Making it in the music industry as a gay male artist remains a difficult course to navigate in 2015.
Sam Smith was able to find success with the release of In the Lonely Hour last year, but one could argue that his inoffensive mass appeal owes itself, at least partially, to his intentionally gender-ambiguous lyrics, which obscured his sexuality from some listeners. And although artists whose queerness is more explicitly woven into their work, like Le1f and Arca, might find themselves snatched up as critical darlings, the press tends to forget about them once the general public fails to follow suit—save for a mention on an annual gay-themed listicle.
Who Is Fancy is one of the most recent artists to attempt to navigate that course—but who is Who Is Fancy? To uncover the answer to that very Angie Jordan-esque question, I went straight to the source.
Who Is Fancy, or simply Fancy, is the stage name of Jake Hagood, a Los Angeles-based singer-songwriter who was born in Bentonville, Arkansas, but came up through Nashville. Billboard says that he turned 24 in March, but, when I asked Fancy to confirm, all he would tell me is that he's "timeless, thank you for asking."
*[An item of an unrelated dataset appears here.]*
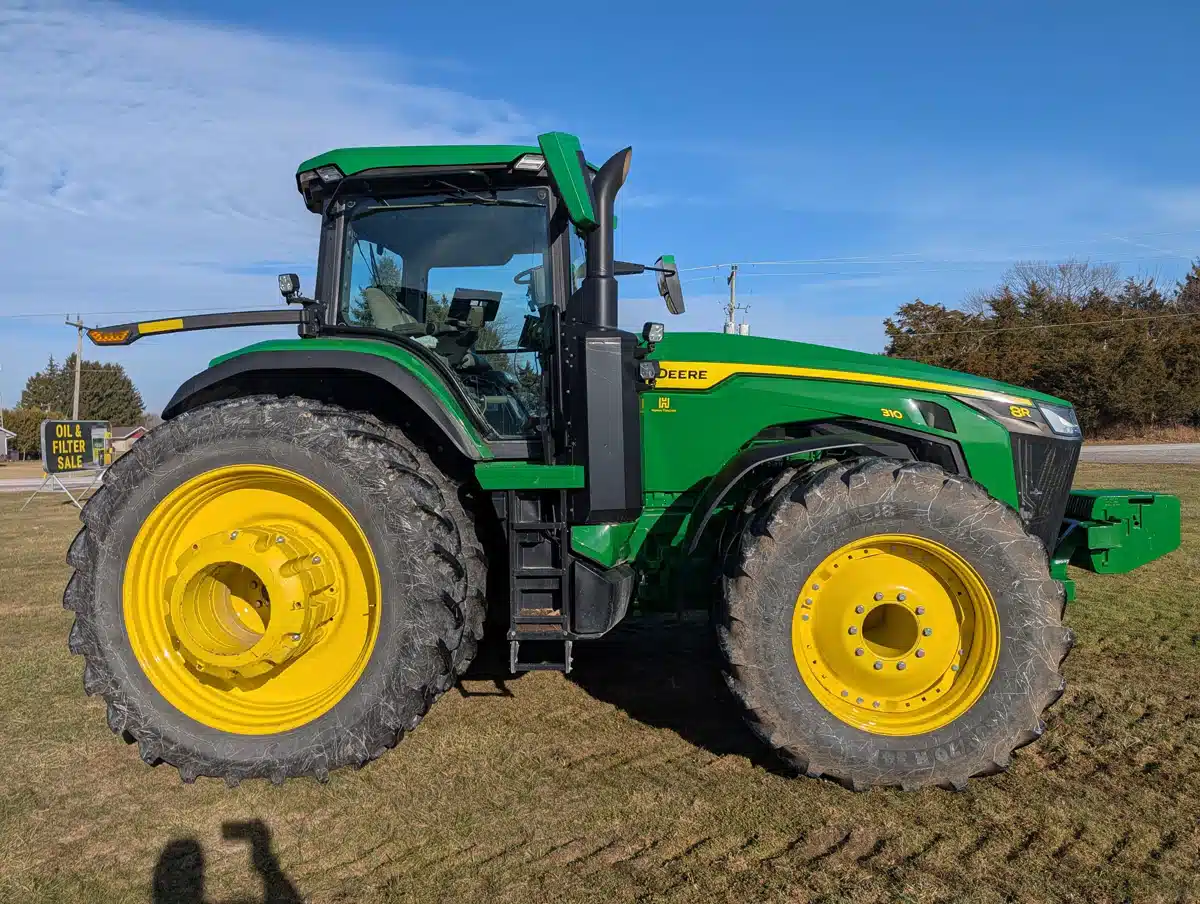 Gallery image 2 for 2024 John Deere 8R 310 Tractor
Just before the release of his debut single, "Goodbye," in February, Fancy's team—including management head Scooter Braun, who manages Justin Bieber and Ariana Grande—decided to keep his identity a secret in the hopes that it would build interest in him. (I feel like Eve Kosofsky Sedgwick would have a lot to say about this.) The strategy didn't exactly pan out; "Goodbye" barely cracked the Billboard Hot 100, peaking at number 98, and the track's accompanying three music videos—with a combined total of 5 million or so views—didn't quite become the viral sensations they were intended to be.
But now, Fancy is out of the proverbial industry closet, promoting the release of his new single, "Boys Like You" featuring Meghan Trainor and Ariana Grande, as he works on his debut EP, out sometime early next year. Here's what he had to say about "[refusing] to be ambiguous" in an industry that might prefer it, per our phone interview last week.
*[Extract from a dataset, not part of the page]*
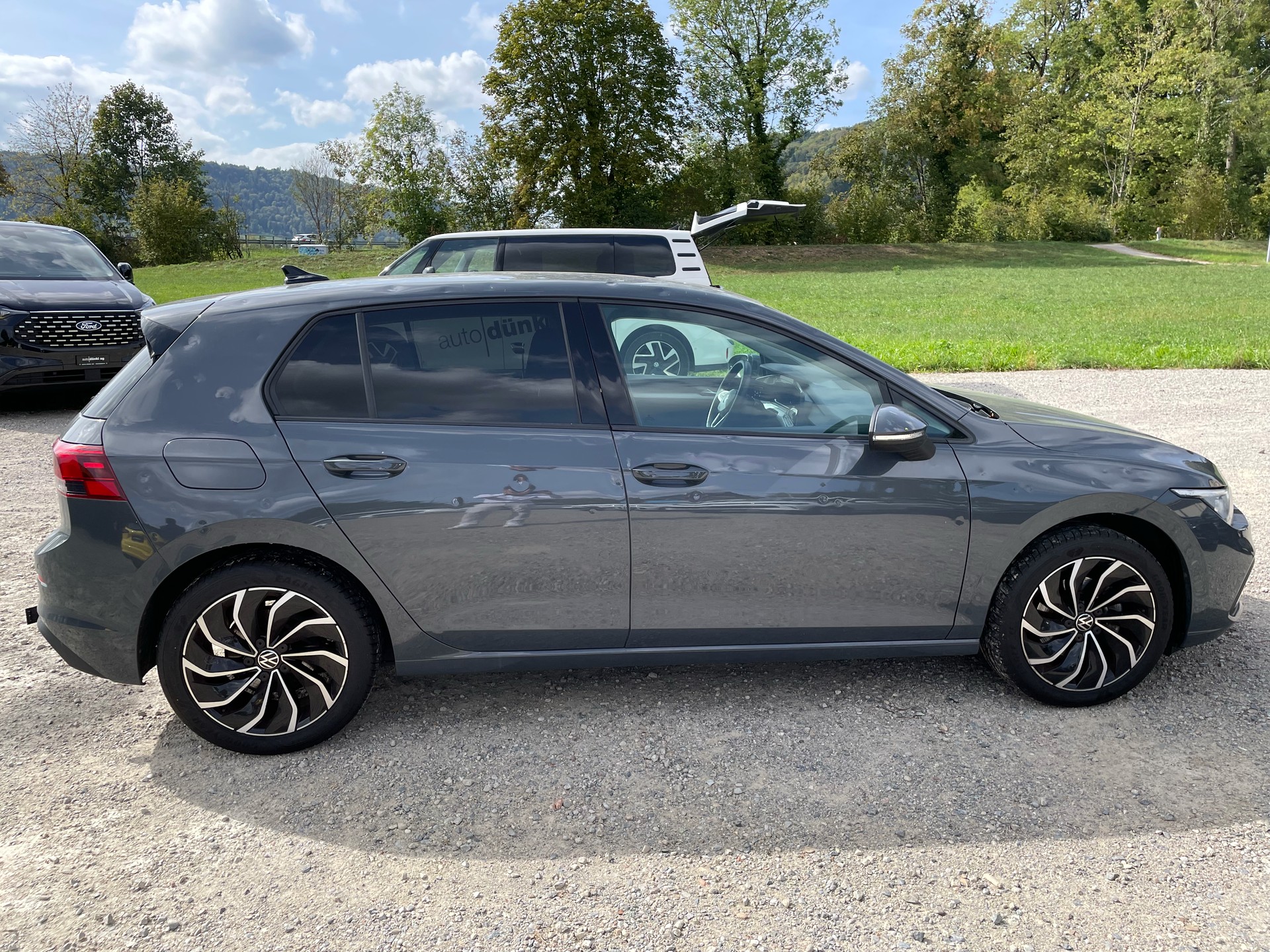 VW Golf 1.5 TSI ACT Life-image-3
This interview has been edited and condensed.
Fusion: Hey, Fancy? Hi. Where are you calling from?
Who Is Fancy: I'm at mi casa in Los Angeles, California.
Do you spend most of your time in L.A. now, or are you still based out of Nashville?
You know, I'd like to say I go back and forth, but my schedule doesn't allow go back to Nashville as much as I'd like. It's hard. In Nashville, I'd met my people, I'd found my crew. But I think I've started finding my people over here on the West Coast.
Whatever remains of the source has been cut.